**Exercise prompt:**
Only the lines from the one with "May 02, 2020" to the end of the data below should be given again, exactly, with both ends included and pictures omitted.

---------- Dataset content

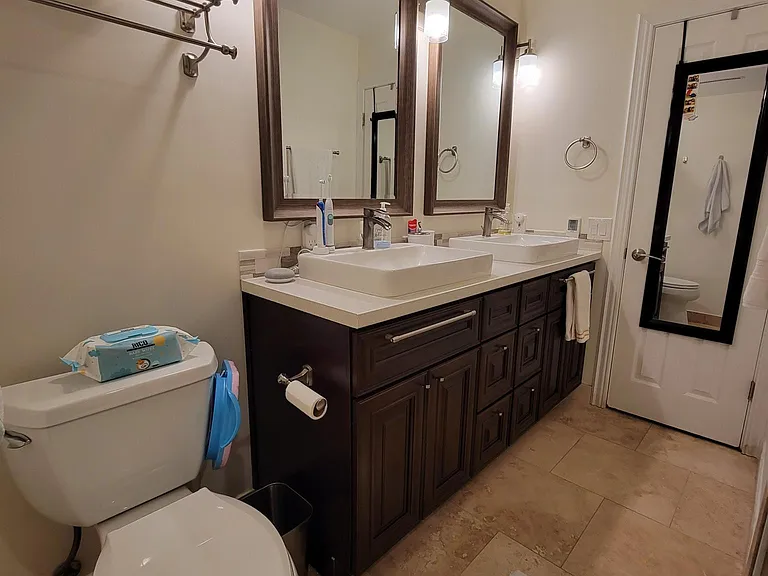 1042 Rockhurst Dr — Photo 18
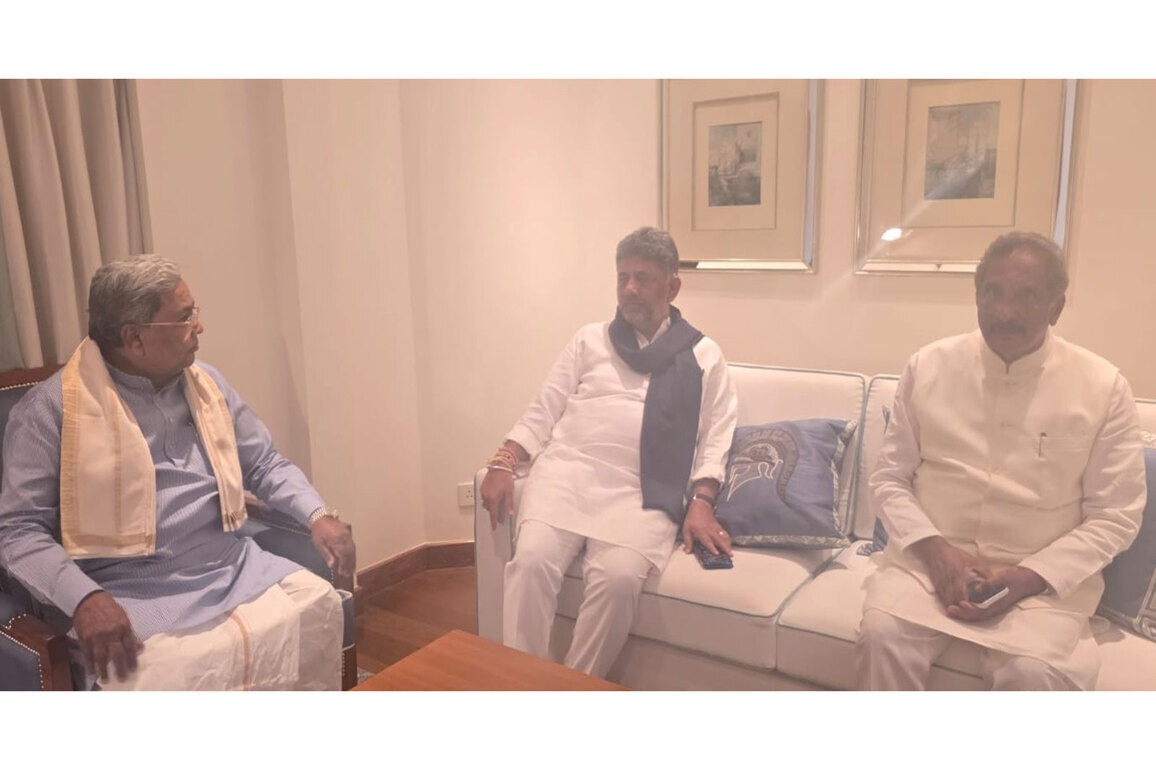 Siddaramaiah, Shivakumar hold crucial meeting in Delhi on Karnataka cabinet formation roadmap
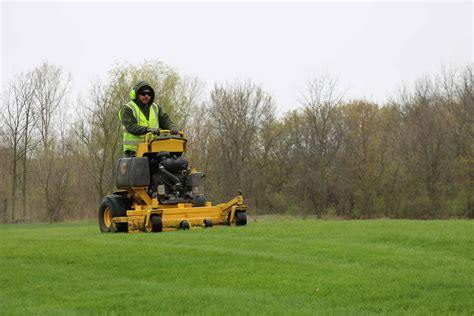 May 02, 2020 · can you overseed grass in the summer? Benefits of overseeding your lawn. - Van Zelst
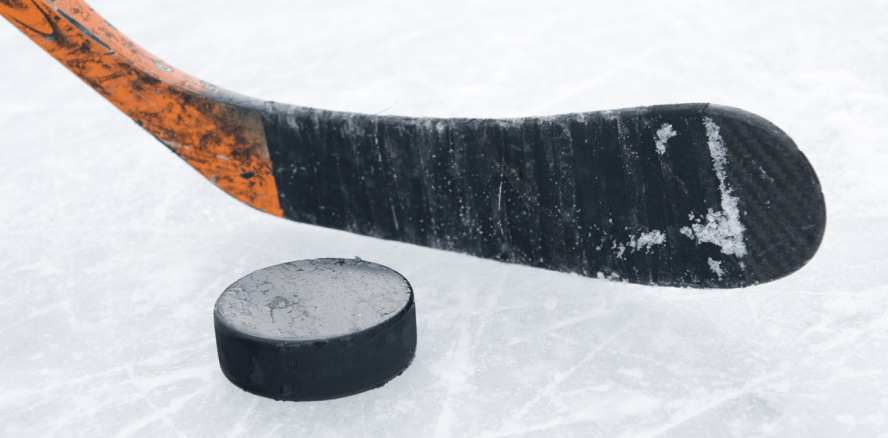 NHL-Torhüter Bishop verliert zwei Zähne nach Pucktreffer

--------------------

**Final answer:**
 May 02, 2020 · can you overseed grass in the summer? Benefits of overseeding your lawn. - Van Zelst
 NHL-Torhüter Bishop verliert zwei Zähne nach Pucktreffer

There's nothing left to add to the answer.